Besides the not-so-groovy state of the capital’s buses and their shoddy captains, there is also the unforgettable death-defying inter-provincial bus. Again, we have read countless stories over the years of some upcountry bus that has somehow miraculously ended-up on its side in some canal located 10 or so meters from the main road. After the law-enforcers arrive on the scene and arrest the driver (if he is still there like) he if often found to be in such an intoxicated state that he is reeking to the heavens giving the cops a Cheshire-cat grin and a welcoming thumbs-up sign. On contacting the bus company owner, the usual flimsy excuse is ‘Well, how was I supposed to know that the geezer was a complete drunkard?”

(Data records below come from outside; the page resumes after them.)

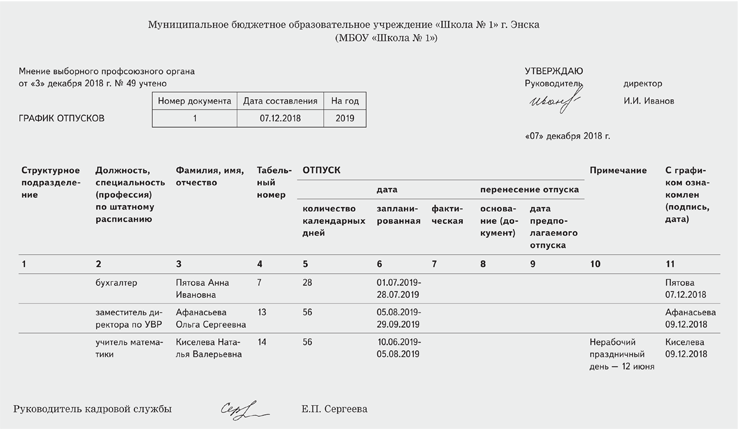 Сколько отпуск у преподавателя вуза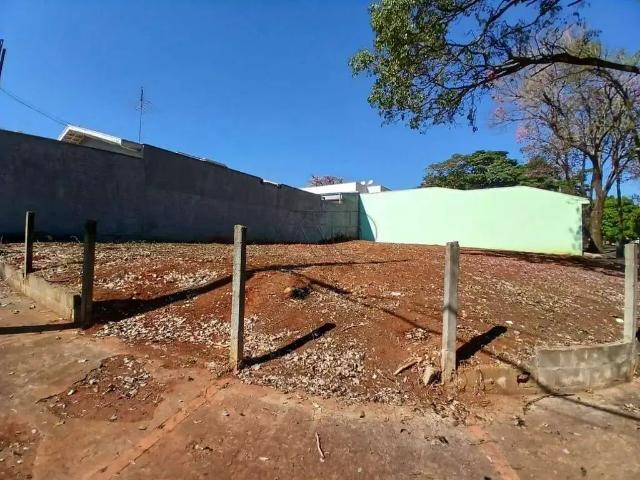 Terreno aluguel em Região Imediata de Piracicaba, Região Metropolitana de Piracicaba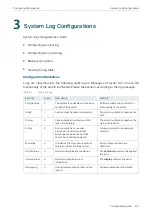 Preview for 700 page of TP-Link TL-SG2424 Configuration Manual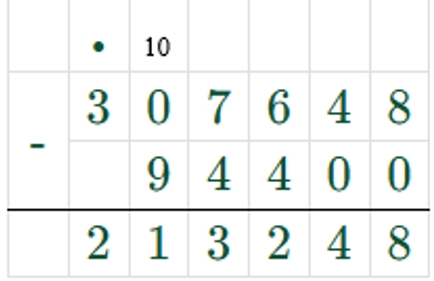 Пояснение к заданию 8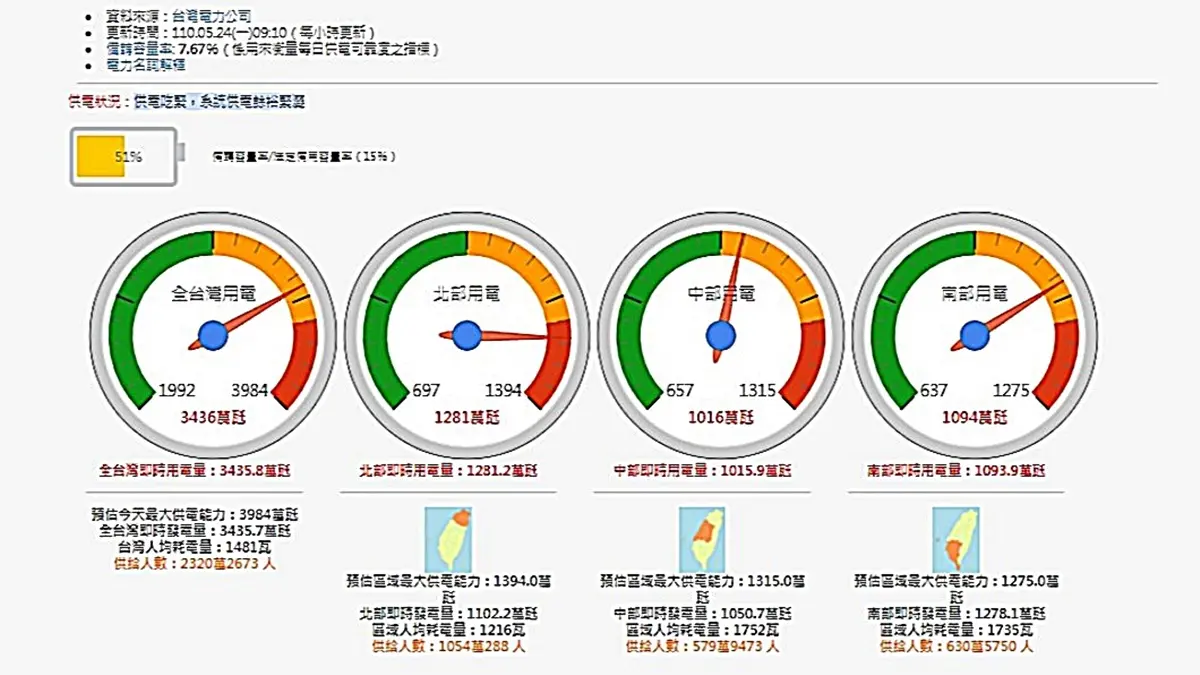 手機隨時充好電！這週下午可能「隨時停電」，台電４大機組脫隊、「供電黃燈」變新常態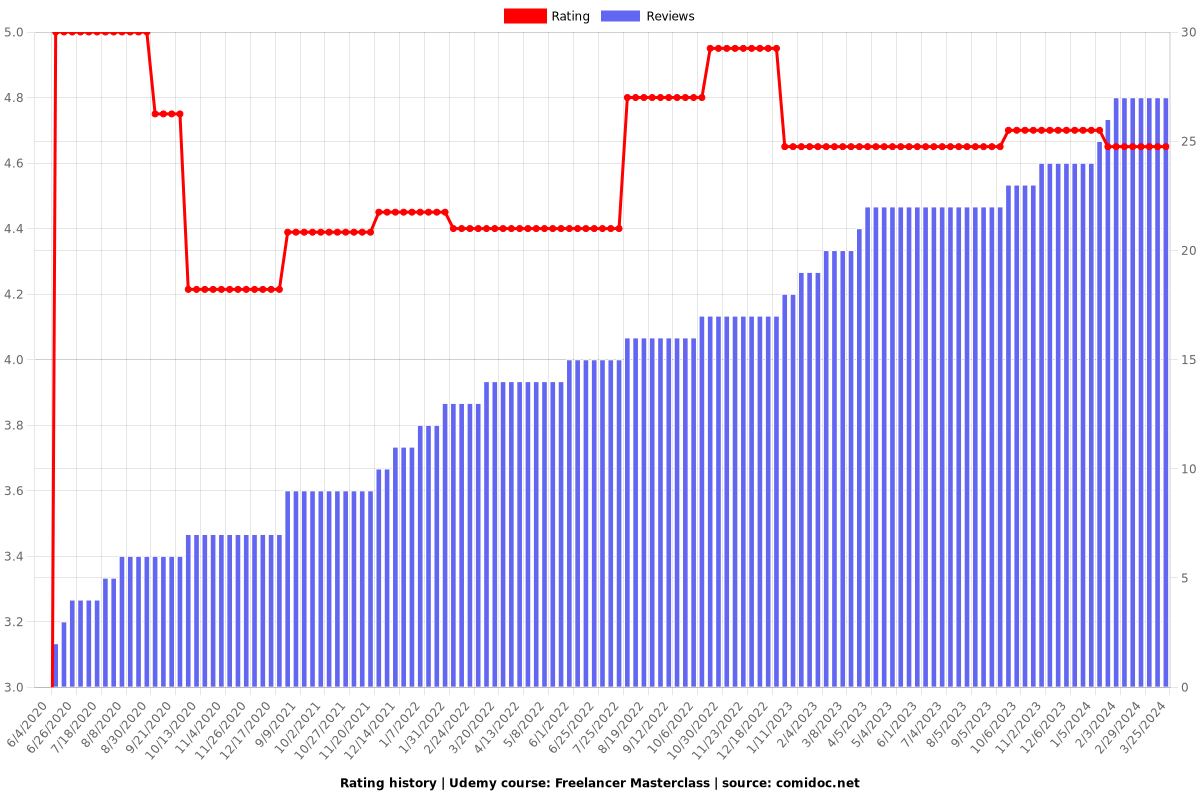 Freelancer Masterclass - Ratings chart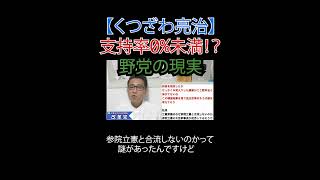 支持率0%未満⁉️野党の現実 #内閣支持率 #政党支持率 #リベラル #オールドメディア #財務省解体 #JICA解体#選挙に行こう #日本改革党 #日本保守党 #減税 #移民はもういらん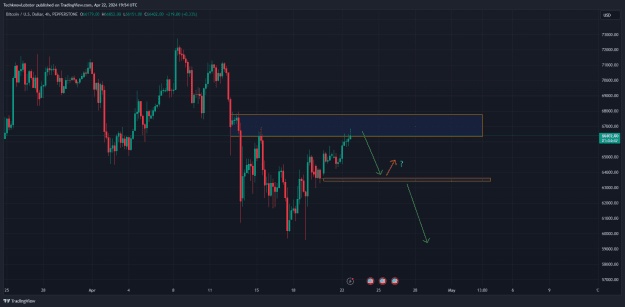 Click to Enlarge

Name: BTCUSD_2024-04-23_02-54-17.png
Size: 42 KB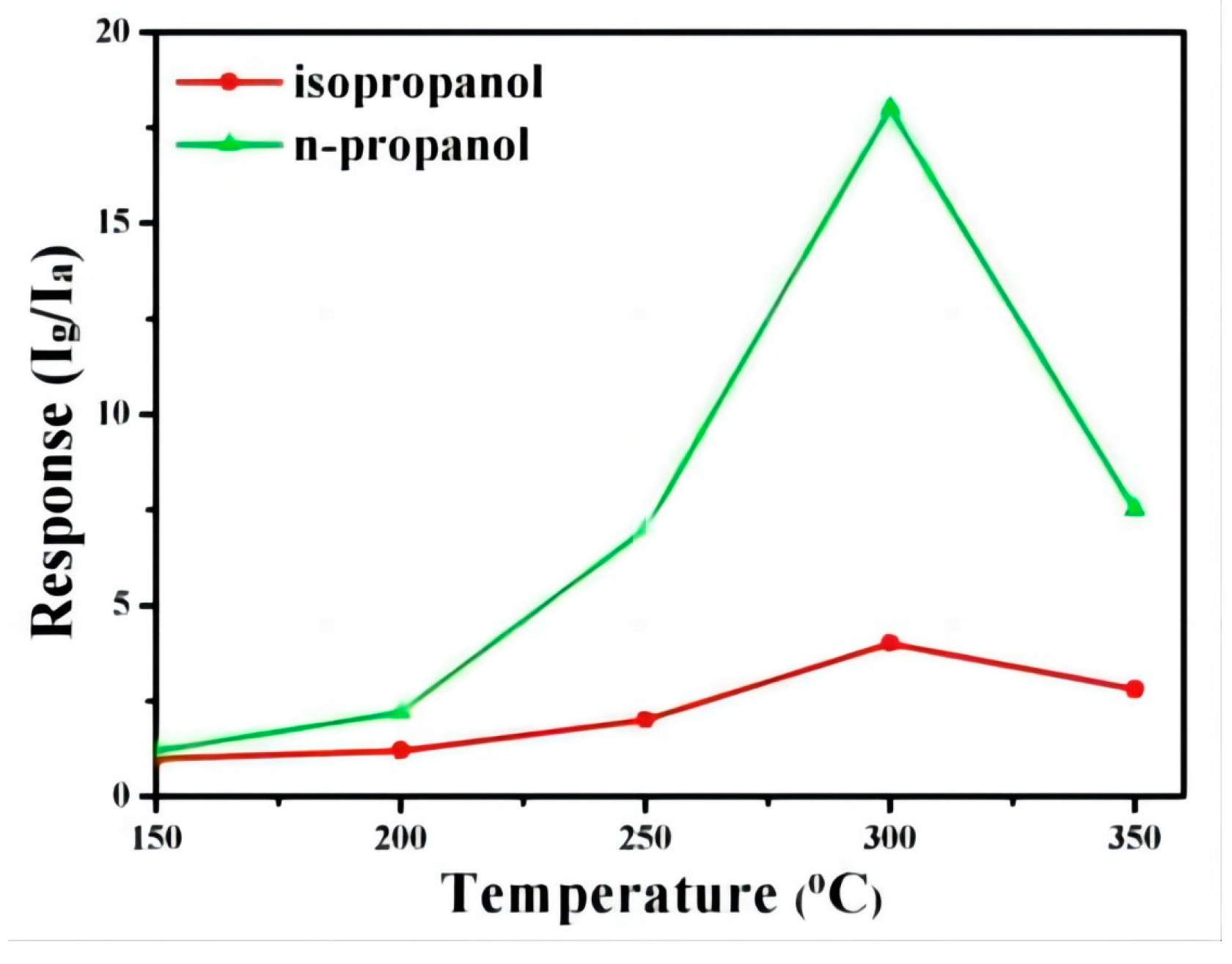 Chemosensors 11 00065 g008 Chemosensors 11 00065 g008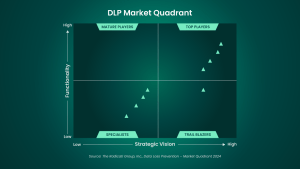 DLP Market Quadrant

Besides just the local Thais moaning about the quality of the inter-provincial buses both air-con and non-air-con, foreigners too are an angry voice to be heard. One of the two most popular complaints voiced by the moany ex-pat and tourist alike, is the supposedly awful taste in music which the driver has and the amount of times he plays the same darned cassette over and over again. Next complaint up and the most popular of all, is the scenario of when the driver decides to simply play his loud squeaky music well past midnight and into the early hours. The Farang, oblivious to how the Thais can manage to sleep through such a horrendous racket, spends his sleepless night dreaming up some plot of rattling the driver’s throat.

Another grievance voiced by both locals and especially foreigners is the ‘crooked’ nature of some certain bus station touts. Unaware of the location of the direct speedy bus ticket booth, naïve passengers are approached by some tout (who perhaps gets 10 baht commission) to follow him to his bus which is going in the desired passengers’ direction. What the tout intentionally forgets to inform the passengers however, is that his beloved bus route first takes a detour passing through every single village on the way and stopping every 30 minutes for the conductor and driver to get off, have a smoke and talk with friends. The usual journey of a hundred kilometers which ought to take an hour and a half, ends up taking the entire afternoon.

Thai buses are though, if you are willing to tolerate them, great value for money which offer a roller-coaster adventure unavailable in the West. The government though, if they are really gonna be taken seriously in their effort to encourage more folk to ride the four-wheeled machines, needs to honestly prove first that they have some decent well thought-over plans to severely improve the service and especially the safety.